Columnコラム

自筆証書遺言の効力に関する最新の最高裁判決解説

自筆証書遺言の効力に関しては、今年、最高裁で判決(第一小法廷令和3年1月18日判決)がありました。これについて、簡単に紹介します。

自筆証書遺言の方式

自筆証書遺言の方式は、遺言者本人が、自筆(すなわち手書き)で、①遺言の全文を記載する、②作成した日付を記載する、③氏名を記載する、そして、➃これに押印するということです。ここでいう「作成した日付」は、遺言書を作成して遺言が完成した日を記載しなければならず、遺言書に記載された日付が実際に遺言が完成された日付と相違するときは、原則として、方式違反でその遺言は無効ということなります。

最高裁判決で、無効となるものではないと判断

最高裁判決は、下記の事実関係の下で、自筆証書遺言が無効となるものではないと判断しました。
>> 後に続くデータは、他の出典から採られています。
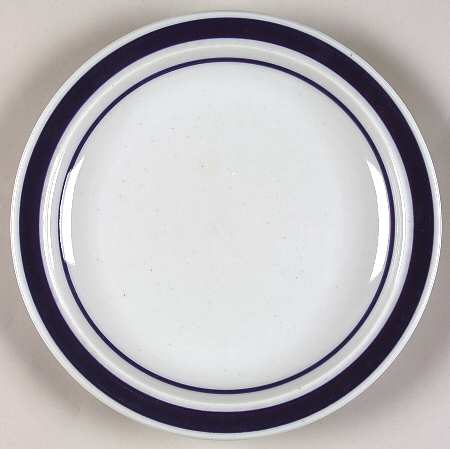 Blue Monterrey Salad Plate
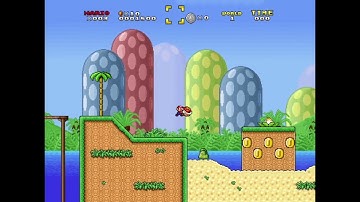 Smbx 1.4.5 Episode - Super Mario: Quest For The Gem Shards World 1 - Viridian Tropics  (By Lungi)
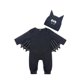 thumbnail image 1 of Nuevos disfraces de Halloween, mameluco para bebé recién nacido, ropa para niño pequeño, mono con alas de murciélago para niña pequeña, sudaderas con capucha, mono con orejas, pijama, 1 of 4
Aは、平成27年4月13日、入院先の病院において、本件遺言の全文、同日付及び氏名を自書し、退院して9日後の同年5月10日、弁護士立会いの下で押印し、その後、同月13日、死亡した。遺言の内容は、遺産目録記載の財産を内縁の妻であるYらなどに遺贈し、又は相続させるというもので、Aの妻であるXらがYらに対し、本件遺言が無効であることの確認等を求めた。

【最高裁判決の判断】

自筆証書によって遺言をするには、真実遺言が成立した日の日付を記載しなければならないと解されるところ、本件遺言が成立した日は、押印がされて本件遺言が完成した平成27年5月10日というべきで、本件遺言書には、これと相違する日付が記載されていることになる。しかし、自筆証書遺言の方式として、遺言の全文、日付及び氏名の自書並びに押印を要するとした趣旨は、遺言者の真意を確保すること等にあるから、必要以上に遺言の方式を厳格に解すると、かえって遺言者の真意の実現を阻害するおそれがあるとして、上記の事実関係の下では、本件遺言書に真実遺言が成立した日と相違する日の日付が記載されているからといって直ちに本件遺言が無効となるものではない。

遺言作成日についての今回の判決は例外的

本件は、その方式に相違があっても、例外的に自筆証書遺言を有効とするもので、いわゆる救済判決というべきものでした。やはり、自筆証書遺言については、実際に遺言書を作成した日、すなわち、冒頭記載の方式に則って、これらを全部記載して遺言が完成した日の日付を遺言書に記載するようにするべきでしょう。